A contrario, les individus présentant un déficit chronique en vitamine D seraient menacés par une destruction de neurones dopaminergiques dans le cerveau. Ce qui aurait donc pour conséquence néfaste l'apparition de Parkinson.

Un pourcentage de malades multiplié par trois

Sur les 3 173 patients (hommes et femmes confondus) suivis régulièrement depuis 1978 - via des dosages sanguins, des questionnaires de santé et des examens médicaux - il a été observé des disparités plus que parlantes.

Ainsi, il y avait trois fois plus de sujets atteints progressivement de la maladie de Parkinson (tous les patients étaient au départ en bonne santé) parmi ceux ayant un taux sanguin de vitamine D jugé faible, que chez les patients dotés d'un taux considéré comme normal.

D'autres pathologies seraient curables grâce à la vitamine D

Sachant que les pays de l'hémisphère nord sont défaillants en terme d'exposition solaire (recommandée pour maintenir un bon taux de vitamine D), les conclusions de l'étude finnoise pourraient bien inciter les médecins à augmenter les habituelles doses prescrites.

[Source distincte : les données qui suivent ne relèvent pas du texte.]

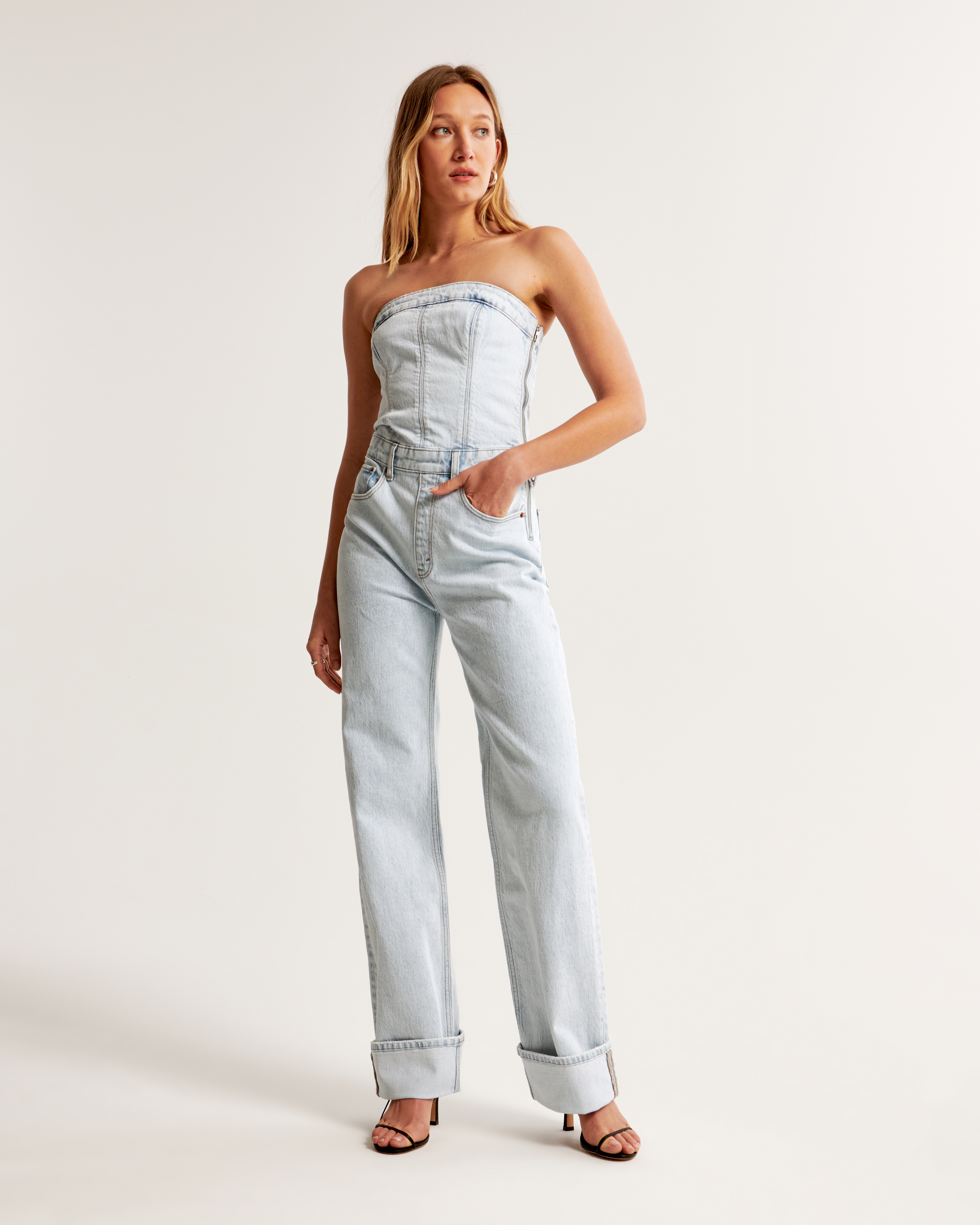 Strapless sales denim jumpsuit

D'autant plus qu'une autre étude, britannique cette fois, a démontré le lien de corrélation entre le taux de vitamine D dans le sang et la perte des capacités cognitives chez les personnes âgées de plus de 65 ans. En clair : plus le manque de vitamine D est important, plus les performances cérébrales déclinent.

Alzheimer, la première maladie neuro-dégénérative (devant Parkinson), pourrait donc, elle aussi, être prévenue grâce à la vitamine D.